The large frames are stout, and when you get into the 2-clilider ones they REALLY come to life.


----------



## GTcollector (Dec 27, 2010)

OldBuzzard said:


> Danged NICE looking tractor :thumbsup:
> 
> The large frames are stout, and when you get into the 2-clilider ones they REALLY come to life.


I plan on getting a 1477, I collect single cylinder 14/16 hp hydros from the 1970's I realize how powerful the 1886, HT20, HT23 are, but I'm going to stick to singles, after 1980 they started to become a thing of the past. My friend REALY wants a Bolens 1886, HT20, HT23, so if you see a nice one for sale (and you aren't buying it), let me know.


----------



## OldBuzzard (Jun 23, 2011)

I'm not planning on buying any more tractors at this time. I have enough to keep me busy for quite awhile   

Shucks, I'm even passing on a nice G11 that's not all that far from me and is at a very good price!

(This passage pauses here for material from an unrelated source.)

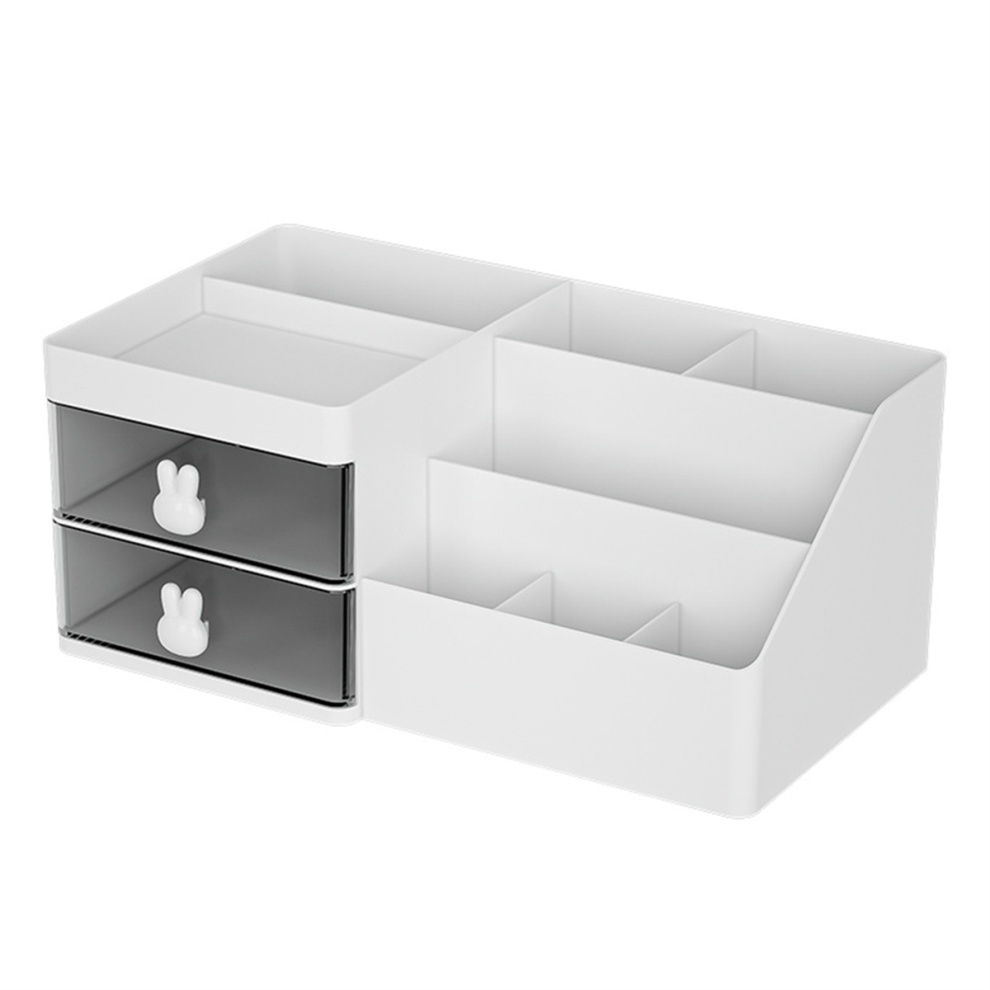 Large Capacity Desk Organizer - Desktop Storage Box with Drawer, Pen Holder, and Divided Compartments-image-OPC-PGMFDBZ-NEW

I would make an exception for an HT22, but since those were export only, I doubt that I'll ever see one, let alone one for sale..


----------



## Cublover (Feb 20, 2011)

I finally dug into the pile enough to see the entire side of the 1050. I think it's calling me to come play with it.

I almost made it into the shop Wed evening! Put brakes on wife's car and headed that way, then the phone rings. All plans put on hold for another day.

That machine looks good for 44 years old! Mine is not as fortunate. Rode hard and put away wet too many times.


----------



## jhngardner367 (Apr 5, 2011)

Mine was in bad shape,when I got it,too,Cub. Sat outside for 7-8 yrs.
It's fun redoing it,though.


----------



## GTcollector (Dec 27, 2010)

jhngardner367 said:


> Mine was in bad shape,when I got it,too,Cub. Sat outside for 7-8 yrs.
> It's fun redoing it,though.


My 1476 was one of the rougher tractors I've bought, I've been very, very lucky, I have 15-16 real nice ones


----------